Keira Knightley wore a green dress in the 2007 romantic war drama film Atonement. The garment was created by costume designer Jacqueline Durran with director Joe Wright, and is worn during the film's climactic scene. The dress, combining period and modern elements, was praised by media publications upon Atonements release, and is regarded among the most iconic in film history.

Background and design
Atonement (2007), a film adaptation of Ian McEwan's novel, centres around the impact of World War II on one woman's life and journey. Costume designer Jacqueline Durran was asked by Wright to make a memorable dress suitable for a pivotal scene within the film. Wright had opined that the final piece should be green and full-skirted with movement at the hem. He also advised Durran that it should highlight the scene's setting of the hottest day of the year". Durran reviewed fashion books from the 1920s and 30s, including the designs of Coco Chanel, picking elements that would suit Knightley's figure. She designed the piece in 2006, in a fine fabric to be "light and unstructured". The silk was bought in white and dyed into a composite green, picked by Wright from Durran's selection of three pigments. Durran modernized certain period trends, including a bare back and shoulders, to reflect more contemporary styling of "unadorned, bold-coloured gowns".

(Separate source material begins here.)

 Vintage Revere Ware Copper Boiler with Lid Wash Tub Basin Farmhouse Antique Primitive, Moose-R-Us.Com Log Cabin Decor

The dress is an emerald-green, lush, low-cut gown with a flapper drop back and thin straps alongside a drape wrapped around the upper-hip, a central slit, and a Grecian, full-skirted silhouette. It features elements of London fashion in the mid-1930s, but had a modern, 2000s focus with its colouring, patterns, and strap combinations.

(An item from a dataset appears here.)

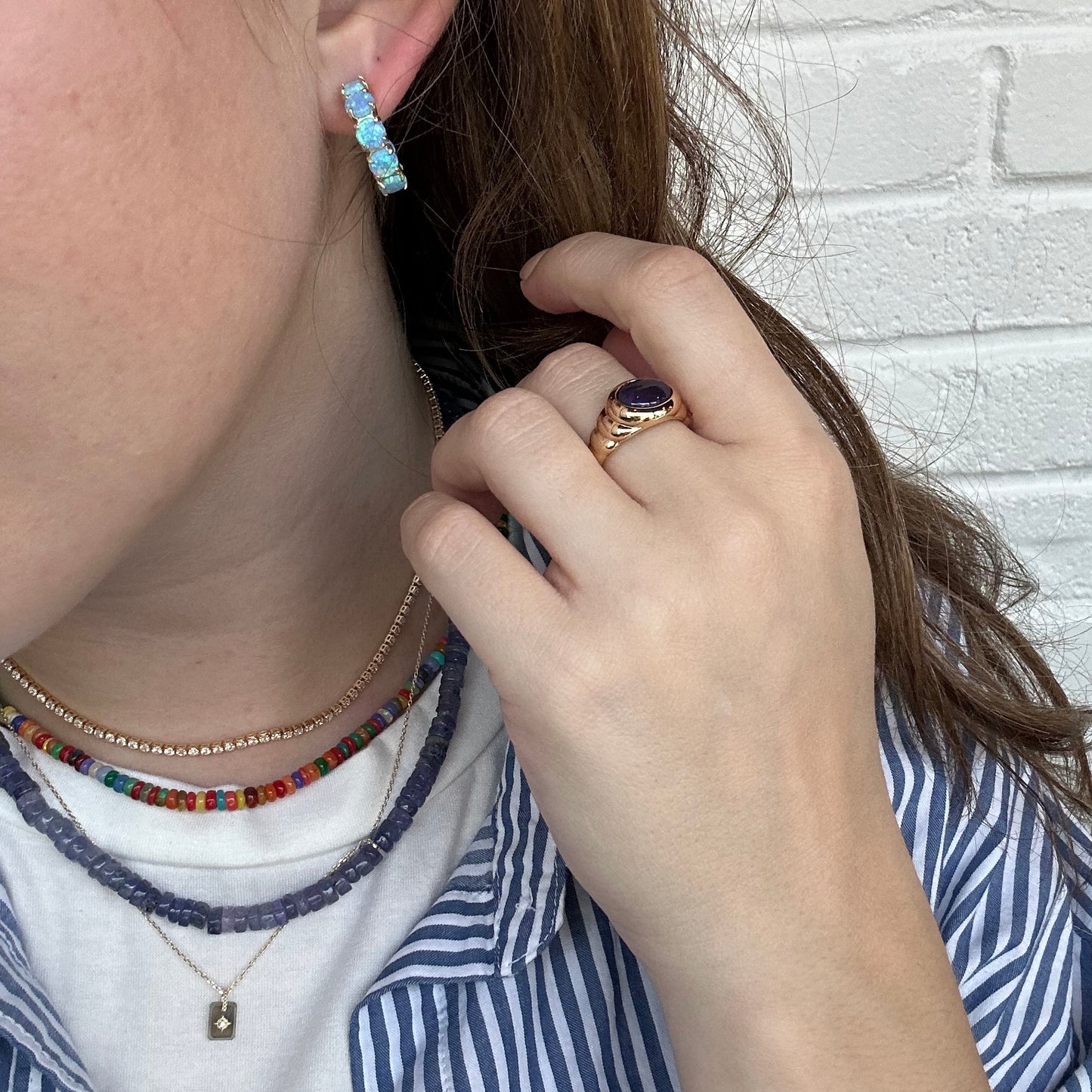 Oh She Fancy Blue Opal Huggie Hoop Earrings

In Atonement, Knightley portrays Cecilia, a woman of good breeding who falls in love with Robbie, the governess's son, portrayed by James McAvoy. The dress is worn by Cecilia during the climax of the film, and was noted to fit into the character's aristocratic style. Throughout the film, fashion traces the character's journey from "silken-gowned debutante to a sullied-cotton disgraced woman". The dress was noted to fit into Wright's "visual template" under the quickening pace from the side-shot of Cecilia lighting cigarettes in the garden, before her bare skin exposed through the dress captures Robbie's attention, evolving into a love scene in the library. The sequence's shots largely include full-length lighting and framing of the dress, which Durran noted "[sold the piece] to its best advantage". The dress's colouring was consistent with a green motif within the film, found the setting of the manorial house and the English countryside.

Reception and legacy
Following the film's release, the green dress received widespread press attention and acclaim. As a result of her work in the film, Durran was nominated for the Academy Award for Best Costume Design in 2007. That same year, a Sky Cinema/InStyle poll voted the dress as "greatest film costume ever"; a decade after its release, it was "still regarded as one of the all-time greats." Durran stated that the dress's legacy was a "complete surprise" and attributed its significance to a "perfect storm" of Wright's filming, Knightley's performance, and the film's sequencing. Replicas of the dress have sold for substantial amounts of money, with one retailing for over $30,000. Versions of the dress made for filming were later sold for tens of thousands of dollars, with proceeds going to charity. The dress's shade of green was a rarity among popular film costumes. British Vogue listed the ensemble as one of the most unforgettable green dresses in film.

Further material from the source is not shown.